BURLINGTON, Vt. (AP) – As police work to piece together the online correspondence that prompted Brooke Bennett of Braintree to arrange a meeting with an apparent stranger, experts are warning parents to keep tabs on their kids’ Internet use.

Gary Kessler, who teaches digital forensics at Champlain College, said a very low-tech approach can help prevent problems.

“You show an interest in kids’ lives, and you communicate those interests,” he told The Burlington Free Press. “It comes down to what kind of relationship you have with your kids.”

Bennett, who is 12, was last seen Wednesday in Randolph, where her uncle dropped her off after she said she wanted to meet a friend. Police now believe she may have been meeting someone she communicated with on the MySpace social networking Web site.

As outreach coordinator for the Vermont Internet Crimes Task Force, Kessler explores with communities how best to guide virtual encounters. He said it begins at home.
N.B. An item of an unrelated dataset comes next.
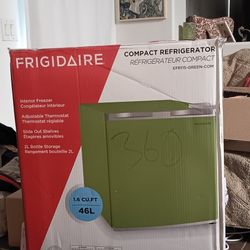 Frigidaire Mini Fridge 1.6 Cu.ft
“I’ve never been an advocate for logging where my kids go or filtering what they see because ultimately, they’ll just leave the house and use another computer,” he said. “I keep a computer where we can watch what they’re looking at. When they reach a certain age, we can discuss what the risks are.”

He said parents can help, just by being parents.

“When a kid is ready to drive, we don’t just hand them the keys, do we?”

Kessler said young people are vulnerable to quick invitations of intimacy. And they can be cavalier with personal information.

“We warn kids to be careful around strangers, but we don’t always define what a stranger is,” he said. “Anyone you meet online is a stranger.”

Anonymity emboldens the timid, said Burlington Police Chief Michael Schirling, whose department coordinates statewide efforts to solve and prevent Internet crimes against children.

“It’s an inherent hazard on the Web, and works both ways,” Schirling said. “The youth population enjoys playing at different personas because it’s fun or cool. Offenders leverage anonymity and lie about their own identities.

“It’s a dangerous combination,” he continued. “People say things to each other without having to overcome the fear of getting to know them. The Internet shouldn’t be the social surrogate of society.”